Ratatouille-stuffed zucchini boats, grilled salmon, fried chicken and vegetarian moussaka were a few of the items on the lunch menu last week at a corporate event prepared by Manhattan-based caterer Paul Neuman. A year ago, those same food items would have cost the client about $11 a plate. Now Mr. Neuman is charging
$13, and next year he plans to raise the price another 8%.
“We're at the mercy of the markets, trying to charge prices that protect us against inflation,” says Mr. Neuman of his firm, Neuman's. “But we also need to make customers feel like we're not trying to take advantage of the situation.”
With rising food prices and volatile fuel costs cutting into profits, New York City-based food-service companies, like most businesses these days, are passing along their higher costs to their clients. But price adjustments are not enough. Caterers have also been forced to take other steps, including swapping out expensive food items
for cheaper ones, having vendors compete more for their business and implementing new technologies to help them manage their costs better.

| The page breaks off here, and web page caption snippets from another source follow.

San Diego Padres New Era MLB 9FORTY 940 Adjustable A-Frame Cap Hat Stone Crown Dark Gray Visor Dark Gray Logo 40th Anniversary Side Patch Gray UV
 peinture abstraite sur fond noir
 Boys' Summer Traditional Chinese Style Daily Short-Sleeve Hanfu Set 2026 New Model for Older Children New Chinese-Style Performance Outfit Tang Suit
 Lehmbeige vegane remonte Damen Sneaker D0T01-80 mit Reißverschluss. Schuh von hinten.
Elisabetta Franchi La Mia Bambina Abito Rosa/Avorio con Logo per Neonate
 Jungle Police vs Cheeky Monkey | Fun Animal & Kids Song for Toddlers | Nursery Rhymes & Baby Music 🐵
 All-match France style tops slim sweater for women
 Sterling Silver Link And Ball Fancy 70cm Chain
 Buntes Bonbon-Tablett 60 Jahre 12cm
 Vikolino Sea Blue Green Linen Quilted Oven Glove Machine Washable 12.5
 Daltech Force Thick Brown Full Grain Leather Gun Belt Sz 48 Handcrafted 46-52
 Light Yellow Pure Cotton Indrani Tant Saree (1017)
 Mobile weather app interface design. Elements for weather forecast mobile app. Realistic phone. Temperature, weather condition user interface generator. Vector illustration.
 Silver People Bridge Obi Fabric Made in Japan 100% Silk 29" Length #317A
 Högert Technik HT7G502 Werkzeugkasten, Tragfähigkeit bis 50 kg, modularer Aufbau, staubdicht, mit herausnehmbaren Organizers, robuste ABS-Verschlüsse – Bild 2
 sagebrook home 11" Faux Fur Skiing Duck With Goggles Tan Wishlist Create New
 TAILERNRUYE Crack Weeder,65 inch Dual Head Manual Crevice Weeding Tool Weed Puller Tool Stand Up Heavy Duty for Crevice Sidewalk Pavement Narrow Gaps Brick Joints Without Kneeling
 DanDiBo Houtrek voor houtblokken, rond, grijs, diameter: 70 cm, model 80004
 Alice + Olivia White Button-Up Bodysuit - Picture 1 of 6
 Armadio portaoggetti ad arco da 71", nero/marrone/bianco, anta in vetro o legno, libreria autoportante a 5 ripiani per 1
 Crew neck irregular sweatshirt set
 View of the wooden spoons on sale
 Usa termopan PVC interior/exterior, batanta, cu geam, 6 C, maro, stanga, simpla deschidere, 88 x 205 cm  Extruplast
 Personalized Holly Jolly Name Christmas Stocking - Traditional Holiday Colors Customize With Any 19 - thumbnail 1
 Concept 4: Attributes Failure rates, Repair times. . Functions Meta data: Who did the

And they're telling their customers to expect to pay more due to market forces beyond their control. Mr. Neuman says that a number of his clients' annual contracts will renew this fall with increases of 5% to 12%. For now, at least, caterers say most customers seem to accept the higher prices, but how long the goodwill lasts is anybody's guess.
“Nobody likes price increases, but people know what's happening. Everybody's budgets are shrinking,” says Trey Birdsong of Coleman Center, a meeting and training space in Manhattan, one of Mr. Neuman's clients.
This summer, prices for everything from dairy and eggs to meat and spices are at their highest levels since 1981, according to the U.S. Department of Labor's monthly Producer Price Index. The PPI in August shows that overall prices are 9.6% higher than they were a year ago. Consumer foods rose 9.1% in August compared to a year ago.
Looking for deals
In response to increased food prices, Jim Kirsch, chief executive of Abigail Kirsch Catering Relationships, one of the city's largest catering firms, is using the industry practice of “menu engineering” now more than ever to examine the cost of every food item that's served at a private party or corporate banquet. For example, the firm
is selling more leg of lamb instead of the pricier rack of lamb.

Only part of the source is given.